A tireless champion of the rule of law

Mike Pence fancies himself the Voice of Morality in the Trump administration – which is odd since you can’t work for Trump without stepping deliberately into a moral sewer, but anyway he does fancy himself that.

So it is worth noting what Pence, the Trump administration’s righteous man, did in Arizona on Tuesday. According to the Hill’s Jacqueline Thomsen:

Vice President Pence praised former Maricopa County Sheriff Joe Arpaio, who was convicted of contempt of court, as a “tireless champion of … the rule of law” during an event in Arizona on Tuesday.

Pence said at the tax event that he was “honored” by the former sheriff’s attendance, and called Arpaio a “great friend of this president and tireless champion of strong borders and the rule of law,” to cheers from the crowd.

A tireless champion of the rule of law who was convicted of violating a federal court order to stop arresting and detaining people for no reason other than his own whim (and the fact that they looked “Mexican” of course). He was convicted of violating a federal court order. That’s not a tireless champion of the rule of law. In Arpaio’s case it’s also a mean racist shit.
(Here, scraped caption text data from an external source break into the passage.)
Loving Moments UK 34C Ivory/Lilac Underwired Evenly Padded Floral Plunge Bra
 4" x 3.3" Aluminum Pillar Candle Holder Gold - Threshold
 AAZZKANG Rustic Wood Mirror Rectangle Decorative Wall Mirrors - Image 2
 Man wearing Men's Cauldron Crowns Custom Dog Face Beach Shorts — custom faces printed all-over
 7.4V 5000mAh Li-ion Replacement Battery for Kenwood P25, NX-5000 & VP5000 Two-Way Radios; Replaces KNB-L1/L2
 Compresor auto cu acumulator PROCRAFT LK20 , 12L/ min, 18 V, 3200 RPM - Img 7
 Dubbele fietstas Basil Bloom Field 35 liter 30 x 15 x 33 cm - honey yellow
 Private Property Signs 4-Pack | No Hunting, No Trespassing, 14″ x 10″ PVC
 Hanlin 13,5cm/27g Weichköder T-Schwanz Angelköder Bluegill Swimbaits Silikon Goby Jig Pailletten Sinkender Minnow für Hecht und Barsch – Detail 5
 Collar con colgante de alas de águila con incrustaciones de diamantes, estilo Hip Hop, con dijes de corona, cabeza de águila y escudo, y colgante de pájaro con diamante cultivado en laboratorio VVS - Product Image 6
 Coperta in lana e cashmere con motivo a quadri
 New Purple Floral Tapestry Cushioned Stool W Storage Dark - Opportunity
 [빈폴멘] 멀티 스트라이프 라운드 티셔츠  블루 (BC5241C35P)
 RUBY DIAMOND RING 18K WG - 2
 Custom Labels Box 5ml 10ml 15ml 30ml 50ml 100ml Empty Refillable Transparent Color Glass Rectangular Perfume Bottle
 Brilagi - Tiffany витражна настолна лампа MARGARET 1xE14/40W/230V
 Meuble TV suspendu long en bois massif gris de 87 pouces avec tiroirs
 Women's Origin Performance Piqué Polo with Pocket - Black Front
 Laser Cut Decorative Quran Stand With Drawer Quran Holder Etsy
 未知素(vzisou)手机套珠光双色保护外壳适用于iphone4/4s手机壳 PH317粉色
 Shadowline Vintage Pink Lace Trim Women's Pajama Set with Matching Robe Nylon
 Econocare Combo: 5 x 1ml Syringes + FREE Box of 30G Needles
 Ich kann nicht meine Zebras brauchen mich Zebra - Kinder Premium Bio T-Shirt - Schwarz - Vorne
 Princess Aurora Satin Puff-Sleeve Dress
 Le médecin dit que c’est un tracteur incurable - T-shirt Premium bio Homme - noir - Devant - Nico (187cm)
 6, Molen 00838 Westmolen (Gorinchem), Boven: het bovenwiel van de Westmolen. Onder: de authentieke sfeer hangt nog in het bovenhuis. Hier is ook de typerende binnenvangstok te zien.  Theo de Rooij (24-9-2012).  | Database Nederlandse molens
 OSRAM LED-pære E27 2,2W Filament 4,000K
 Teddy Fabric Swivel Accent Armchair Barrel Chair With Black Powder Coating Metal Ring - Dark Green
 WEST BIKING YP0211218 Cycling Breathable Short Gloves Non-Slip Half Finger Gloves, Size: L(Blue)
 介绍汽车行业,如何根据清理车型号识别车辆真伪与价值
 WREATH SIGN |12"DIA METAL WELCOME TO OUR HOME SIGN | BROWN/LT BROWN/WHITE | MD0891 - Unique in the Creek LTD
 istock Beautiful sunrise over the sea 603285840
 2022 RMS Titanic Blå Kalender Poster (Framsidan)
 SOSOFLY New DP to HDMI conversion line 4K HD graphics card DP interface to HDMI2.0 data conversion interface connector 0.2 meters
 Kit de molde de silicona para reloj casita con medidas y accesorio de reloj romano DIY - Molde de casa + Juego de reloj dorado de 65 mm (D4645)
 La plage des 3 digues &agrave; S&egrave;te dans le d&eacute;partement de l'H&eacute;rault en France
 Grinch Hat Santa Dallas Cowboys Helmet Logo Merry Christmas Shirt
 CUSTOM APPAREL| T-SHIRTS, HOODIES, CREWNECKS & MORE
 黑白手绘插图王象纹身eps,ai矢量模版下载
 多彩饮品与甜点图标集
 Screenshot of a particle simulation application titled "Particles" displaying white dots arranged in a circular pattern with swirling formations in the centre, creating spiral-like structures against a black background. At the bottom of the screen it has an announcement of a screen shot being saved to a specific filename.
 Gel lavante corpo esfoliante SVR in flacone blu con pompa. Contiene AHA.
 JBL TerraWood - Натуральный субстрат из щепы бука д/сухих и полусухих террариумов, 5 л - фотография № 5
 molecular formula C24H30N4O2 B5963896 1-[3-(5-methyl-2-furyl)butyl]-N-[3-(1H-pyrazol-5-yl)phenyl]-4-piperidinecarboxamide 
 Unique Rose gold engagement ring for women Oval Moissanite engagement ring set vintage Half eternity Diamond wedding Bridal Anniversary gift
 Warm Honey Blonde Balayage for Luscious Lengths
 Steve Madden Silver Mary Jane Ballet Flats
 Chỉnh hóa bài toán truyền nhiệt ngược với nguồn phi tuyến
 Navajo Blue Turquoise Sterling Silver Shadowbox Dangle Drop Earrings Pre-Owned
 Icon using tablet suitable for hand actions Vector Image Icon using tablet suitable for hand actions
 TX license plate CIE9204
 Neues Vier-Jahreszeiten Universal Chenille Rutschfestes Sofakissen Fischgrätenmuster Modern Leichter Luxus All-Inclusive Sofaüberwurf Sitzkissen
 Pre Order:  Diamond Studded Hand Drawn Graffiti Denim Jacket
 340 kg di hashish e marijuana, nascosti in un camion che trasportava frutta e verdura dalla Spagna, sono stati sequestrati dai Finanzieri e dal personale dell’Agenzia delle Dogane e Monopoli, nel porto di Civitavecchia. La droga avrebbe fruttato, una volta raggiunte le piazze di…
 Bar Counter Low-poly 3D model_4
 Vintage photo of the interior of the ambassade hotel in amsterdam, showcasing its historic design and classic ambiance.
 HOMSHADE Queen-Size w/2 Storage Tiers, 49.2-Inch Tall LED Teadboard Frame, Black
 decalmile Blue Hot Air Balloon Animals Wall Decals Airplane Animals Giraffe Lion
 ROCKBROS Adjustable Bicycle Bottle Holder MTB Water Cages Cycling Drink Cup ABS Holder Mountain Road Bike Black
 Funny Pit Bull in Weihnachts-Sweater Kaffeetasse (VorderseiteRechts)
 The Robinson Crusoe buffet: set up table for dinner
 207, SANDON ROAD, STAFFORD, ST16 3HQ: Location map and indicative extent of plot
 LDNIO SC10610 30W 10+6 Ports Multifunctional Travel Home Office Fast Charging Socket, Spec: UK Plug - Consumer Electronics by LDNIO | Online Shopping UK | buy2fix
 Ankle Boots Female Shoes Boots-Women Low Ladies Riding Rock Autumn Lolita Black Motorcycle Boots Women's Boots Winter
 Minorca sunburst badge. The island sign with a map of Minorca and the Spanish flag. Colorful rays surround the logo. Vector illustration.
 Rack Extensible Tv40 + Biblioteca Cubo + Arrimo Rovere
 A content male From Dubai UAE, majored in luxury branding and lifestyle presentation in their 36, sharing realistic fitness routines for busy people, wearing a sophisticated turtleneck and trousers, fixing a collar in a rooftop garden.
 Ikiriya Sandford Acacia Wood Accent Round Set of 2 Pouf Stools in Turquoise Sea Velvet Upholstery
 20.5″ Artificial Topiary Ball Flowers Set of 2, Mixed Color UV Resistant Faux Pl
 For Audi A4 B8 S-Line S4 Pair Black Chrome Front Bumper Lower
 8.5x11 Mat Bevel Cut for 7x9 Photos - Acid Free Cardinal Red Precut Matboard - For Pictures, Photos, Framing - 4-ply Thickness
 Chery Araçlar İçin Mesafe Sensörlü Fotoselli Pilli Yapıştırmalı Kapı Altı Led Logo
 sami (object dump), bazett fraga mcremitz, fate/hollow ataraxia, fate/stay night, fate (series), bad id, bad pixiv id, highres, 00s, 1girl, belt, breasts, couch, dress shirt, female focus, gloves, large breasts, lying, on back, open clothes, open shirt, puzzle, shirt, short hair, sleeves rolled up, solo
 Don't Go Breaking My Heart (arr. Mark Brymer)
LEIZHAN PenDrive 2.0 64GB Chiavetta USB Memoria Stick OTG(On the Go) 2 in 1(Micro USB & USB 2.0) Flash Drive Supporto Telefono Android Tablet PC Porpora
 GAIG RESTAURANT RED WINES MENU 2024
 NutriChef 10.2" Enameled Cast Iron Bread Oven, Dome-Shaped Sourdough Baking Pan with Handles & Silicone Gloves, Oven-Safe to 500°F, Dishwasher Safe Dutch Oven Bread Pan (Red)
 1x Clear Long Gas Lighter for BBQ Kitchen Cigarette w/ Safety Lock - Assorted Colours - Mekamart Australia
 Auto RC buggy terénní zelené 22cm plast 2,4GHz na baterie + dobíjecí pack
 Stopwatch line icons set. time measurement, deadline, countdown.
Daniel Drezner quotes the National Review:

Arpaio was convicted of criminal contempt last summer for willfully violating a federal court order. Specifically, he was convicted of violating an order that he cease arresting and detaining people for whom there was no plausible criminal charge — i.e., the court asked him, pretty please, to stop detaining Mexicans for publicity purposes. Arpaio says he was arresting illegal immigrants, and he may well have been, but it is not a criminal offense simply to be illegally present in the United States. (That is a civil matter.) Until such a time as Congress passes a law making such presence a crime (and delegates enforcement of that federal statute to the sheriff of Maricopa County, Ariz.), arresting people under color of law for that non-crime isn’t law enforcement — it’s lawlessness.

But Sheriff Joe has a thing for arresting people who haven’t committed any crime. He arrested a Republican critic — the county supervisor — on trumped-up charges in 2008 and ended up handing over $3.5 million of taxpayers’ money in a wrongful-arrest settlement. He tried to bully the mayor of Phoenix in much the same way, demanding phone logs and other records as part of a nonsensical “investigation” designed to silence a critic. In another spectacular abuse of power, Arpaio teamed up with a friendly county attorney and filed a federal lawsuit seeking the federal prosecution of several judges and lawyers — his political enemies — under the RICO organized-crime statute. Arpaio, being Arpaio, held a press conference announcing the investigation, which the federal courts immediately threw out as “patently frivolous.” Millions more taxpayers’ dollars were paid out in settlements.

That’s not The Nation or Mother Jones or American Prospect, it’s National Review. Like Trump, Arpaio is a bad man who does bad things. It’s not political or “partisan”; it’s just the truth.